Blog: On the OS and package management

On the OS and package management
On the OS and package management
Date: 2018-Jan-28 01:25:50 EST

One of the things I've seen as a pattern in infrastructure recently is a firm decision, both from software vendors and inside big tech companies, to break from their OS vendor in how software is packaged. In the past I was bothered by this, but I've come to see an undesirable tension between existing Linux distro maintainers and users, and systems that manage this pretty well.

The theory is that if you can bundle up most userland stuff close to the app, you no longer need to care about OS upgrades. Of course, you still need to understand (and do security audits on) bundles under this regime; it's not an excuse to avoid hiring some systems programmers to make sure you're doing things sanely.

Many programming languages have had their own library managers for awhile. Perl has CPAN, Python has pip, and most languages made recently have their own. You can still find rpms or debs for some of these libraries - the bits used by the OS itself, but a lot of people use these extra managers to pull things in that are not in their OSs package repo.

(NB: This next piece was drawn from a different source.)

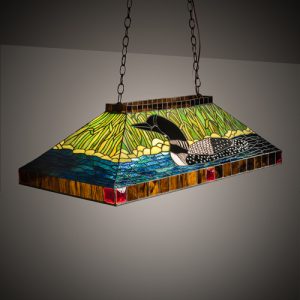Loon Stained Glass Lamp For Island With Forest and Eagle Design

With some risk, in that any changes to something the OS depends on could create havoc unless the package manager provides isolation.

Far on one side of the equation is containers; thick containers provide what's essentially its own OS userland isolated from the host operating system; if you want a new package in there, you can install it because the paths and binaries are kept separate. You still need to do this work yourself though.

If you're not using containers, you might decide to package up a bunch of interpreters and essential libraries and stick them in a path alongside some system linker pagic and environment variable wrappers. Then your application is a directory bundle with a wrapper script, your "binary", and any libraries it needs. Google does this with its GRTE. It can work, although it can be awkward if you want to attach a debugger to any of this, and you need to buy into a lot of developer effort to initially setup a project and get Blaze to make those bundles. Not that bad if you're writing new Google code, but not fun if you're trying to port something complicated.

One system I recently have come to like started out as a python environment manager but grew out to manage arbitrary packages (including Go) in such environments; it's called Conda. You define the dependencies for the environment you want in a yaml file (give me tensorflow, python 3.5, tiffile, and 5 other things) and it will fetch does into an environment dir. You can then enter and leave environments using the environment manager (which tweaks things in your shell). It all works, it's smooth, and if you want to extend it (I have some extra env vars for this environment), it's documented and easy. Unless there's a good reason not to, if I were to need to design something like this for someplace I worked, I'd use it. We're using it for some research projects in my current workplace (that we want to distribute to other research groups in other institutions).